Step 7, maximum, Second Largest Value and the third-largest value in 2*N incoherent peak value of half chip of acquisition, and count
Calculate the 2*N average value of the incoherent peak value of half chip.
Step 8, maximum, Second Largest Value, the third-largest value in incoherent peak value according to individual half chips of the 2*N, with
And the 2*N average value of the incoherent peak value of half chip, determine whether to capture high data rate bursts signal of communication.
If specifically, maximum > (the third-largest values of Second Largest Value/2+), and maximum > 2.5* average values, then judge to catch
High data rate bursts signal of communication is received, otherwise, high data rate bursts signal of communication is not captured, * represents multiplication sign.

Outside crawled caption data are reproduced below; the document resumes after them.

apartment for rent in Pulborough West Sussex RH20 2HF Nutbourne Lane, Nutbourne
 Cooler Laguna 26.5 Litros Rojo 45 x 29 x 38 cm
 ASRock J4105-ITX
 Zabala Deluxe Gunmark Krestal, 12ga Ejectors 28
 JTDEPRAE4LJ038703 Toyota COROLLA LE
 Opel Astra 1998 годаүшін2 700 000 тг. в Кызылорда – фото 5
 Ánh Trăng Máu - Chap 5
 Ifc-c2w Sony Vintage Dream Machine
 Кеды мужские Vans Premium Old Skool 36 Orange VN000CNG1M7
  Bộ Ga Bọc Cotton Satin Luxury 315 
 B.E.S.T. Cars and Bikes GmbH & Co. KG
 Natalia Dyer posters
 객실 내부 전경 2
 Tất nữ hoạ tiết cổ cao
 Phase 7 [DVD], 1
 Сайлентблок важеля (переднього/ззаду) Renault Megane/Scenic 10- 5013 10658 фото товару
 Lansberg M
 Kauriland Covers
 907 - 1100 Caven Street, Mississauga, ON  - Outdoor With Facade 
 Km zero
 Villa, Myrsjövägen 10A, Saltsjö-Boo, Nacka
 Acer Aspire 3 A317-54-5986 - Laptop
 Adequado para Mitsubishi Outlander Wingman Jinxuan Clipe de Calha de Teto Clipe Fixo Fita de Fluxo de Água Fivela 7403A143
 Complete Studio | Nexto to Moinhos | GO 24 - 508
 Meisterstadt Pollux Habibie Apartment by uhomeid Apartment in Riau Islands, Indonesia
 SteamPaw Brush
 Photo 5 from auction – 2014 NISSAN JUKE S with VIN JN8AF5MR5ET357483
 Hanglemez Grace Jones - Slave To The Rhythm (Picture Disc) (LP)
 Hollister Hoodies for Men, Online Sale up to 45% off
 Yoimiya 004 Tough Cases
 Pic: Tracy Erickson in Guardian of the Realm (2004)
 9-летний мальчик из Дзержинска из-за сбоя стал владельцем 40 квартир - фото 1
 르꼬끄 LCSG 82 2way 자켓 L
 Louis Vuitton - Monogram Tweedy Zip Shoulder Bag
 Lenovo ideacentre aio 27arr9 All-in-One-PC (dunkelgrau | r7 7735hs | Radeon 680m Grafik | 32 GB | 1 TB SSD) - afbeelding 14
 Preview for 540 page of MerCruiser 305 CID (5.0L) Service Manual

Step 9, if not capturing high data rate bursts signal of communication, repeats step 5 to step 8;If capture
To high data rate bursts signal of communication, then according to the code phase of corresponding half chip of maximum incoherent peak value to local spreading code
Maker carries out phase adjusted so that the code phase of local spreading code with it is down-sampled after baseband signal samples value code phase pair
Together, and within ensuing each spreading code cycle, the corresponding half chip position of the maximum incoherent peak value is calculated
Incoherent peak value, is tracked to the high data rate bursts signal of communication.
The embodiment of the present invention also provides a kind of high data rate bursts communication quick catching device based on spread spectrum, institute
State device and be applied to the high data rate bursts communication quick capturing method of described described in above-described embodiment based on spread spectrum,
As shown in Fig. 2 described device includes:Radio-frequency module, local carrier generation module, down conversion module, down-sampled module, local expansion
Frequency code generation module, the related accumulator module of packet and judging module;
The output end of the radio-frequency module is connected with the first input end of the down conversion module, and the local carrier is produced
The output end of module is connected with the second input of the down conversion module, and the output end of the down conversion module is adopted with the drop
The input connection of egf block, the output end of the down-sampled module connects to the first input end of the related accumulator module of the packet
Connect, the output end of the local spreading code generation module is connected to the second input of the related accumulator module of the packet, described
The output end of the related accumulator module of packet is connected with the input of the judging module.
Further, as shown in figure 3, the radio-frequency module includes preamplifier, low-converter, A/D converter, benchmark
Oscillator, frequency synthesizer;
Antenna output end is connected with the input of the preamplifier, the output end of the preamplifier with it is described under
The first input end connection of frequency converter, the output end of the reference oscillator is connected with the input of the frequency synthesizer, institute
The output end of frequency synthesizer is stated to be connected with the second input of the low-converter, the output end of the low-converter with it is described
The input connection of A/D converter, the output end of the A/D converter is connected with the first input end of the down conversion module.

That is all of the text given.